CHAPITRE X

Rachel avait toujours une question sur le bout de la langue. Elle déployait tout son art de la persuasion – qui était grand – pour obtenir des réponses, passant de la bouderie à la séduction sans transition dans l’espoir d’arriver à ses fins. En tout état de cause, elle parlait sans cesse. Impassible, son compagnon lui opposa une fin de non-recevoir durant tout le trajet, et elle finit par rendre les armes.

— Je n’ai jamais rencontré pareille tête de mule. Sauf un vieil Indien, une fois, qui faisait semblant de ne pas parler l’anglais et riait comme une andouille. Je n’ai pas pu en tirer un mot.

— Le silence est fils de la sagesse. À plus tard.

Graymes régla la course et s’éjecta du taxi, puis pénétra dans son immeuble d’un pas tranquille. Comme à son habitude, il négligea l’ascenseur et emprunta l’escalier. Il avait une sainte horreur des ascenseurs.

— Il est en panne ? entendit-il dans son dos.

Estomaqué, il fit volte-face. Rachel lui souriait d’un air faussement candide. Son bras se détendit avec la rapidité d’un cobra, ses doigts se refermèrent sur la gorge de la jeune femme.

— Mais vous êtes fou ! Qu’est-ce que vous faites ? s’écria-t-elle, à demi asphyxiée.
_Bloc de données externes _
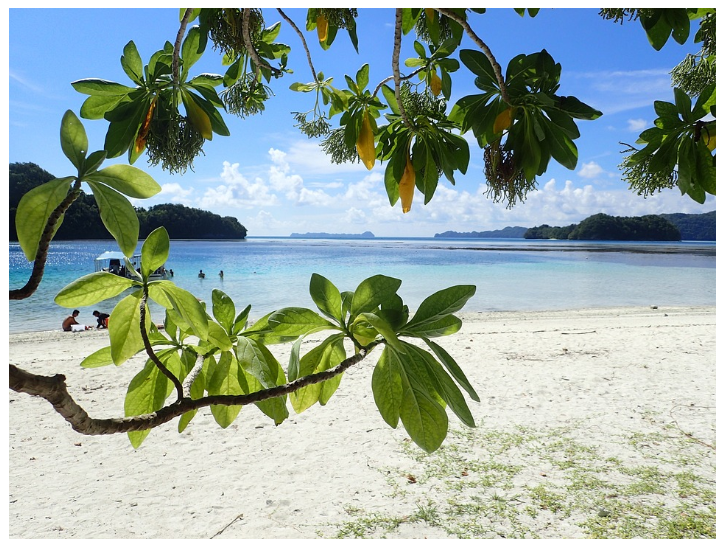 보라카이 3박 4일 여행 일정과 여행지추천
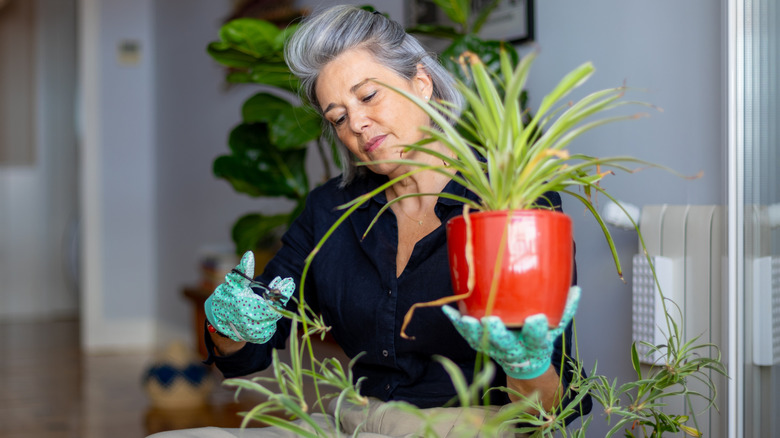 Woman trimming a spider plant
Il approcha son visage du sien, à portée de baiser. Mais sa physionomie n’exprimait aucune tendresse.

— Je crois que vous n’avez pas bien compris, petit oiseau : à plus tard.

Il la fixait droit dans les yeux, pour bien lui faire comprendre qu’il ne plaisantait pas. Puis, lentement, il relâcha son étreinte et reprit son ascension, sans un regard en arrière. Sa victime s’affaissa sur l’une des marches, le souffle coupé.

Rachel marmonna quelques imprécations à l’endroit des phallocrates et des refoulés, étouffant une quinte de toux nerveuse. Elle commençait à douter du bien-fondé de son entêtement. En admettant qu’elle puisse découvrir le fin mot de tous ces mystères, rien n’indiquait que cet étrange docteur lui laisserait publier son papier. Il évoluait dans un univers de hantises et de cauchemars, où les lois humaines ne semblaient pas avoir de prise, et il était capable de tuer sans remords, sans hésitation. L’ayant vu à l’œuvre, elle ne tenait pas à sentir le tranchant de son épée sur son cou.

Malgré tout, elle décida de continuer. Depuis la nuit dernière, son enquête avait pris un tournant trop inattendu. Elle n’arrivait pas à chasser l’affreuse vision de ces deux tueurs déguisés en moines qui tentaient de la jeter dans le vide ; ni celle de ce pauvre type, pris au piège de l’iceberg. Non, vraiment, elle ne pouvait abandonner. C’était à présent plus qu’un enjeu professionnel : une question d’orgueil.

Elle retourna à la voiture, optimiste quant à ses chances. Elle n’avait pas encore abattu toutes ses cartes, et une femme comme elle n’était jamais dénuée de ressources. Un miaulement aigu la fit sursauter. Elle avait oublié le chat et manqué l’écraser sous son postérieur. Saloperie de bestiole ! Elle l’attrapa, prête à la balancer sur le trottoir. Mais elle suspendit son geste.

Une idée venait de germer dans son esprit.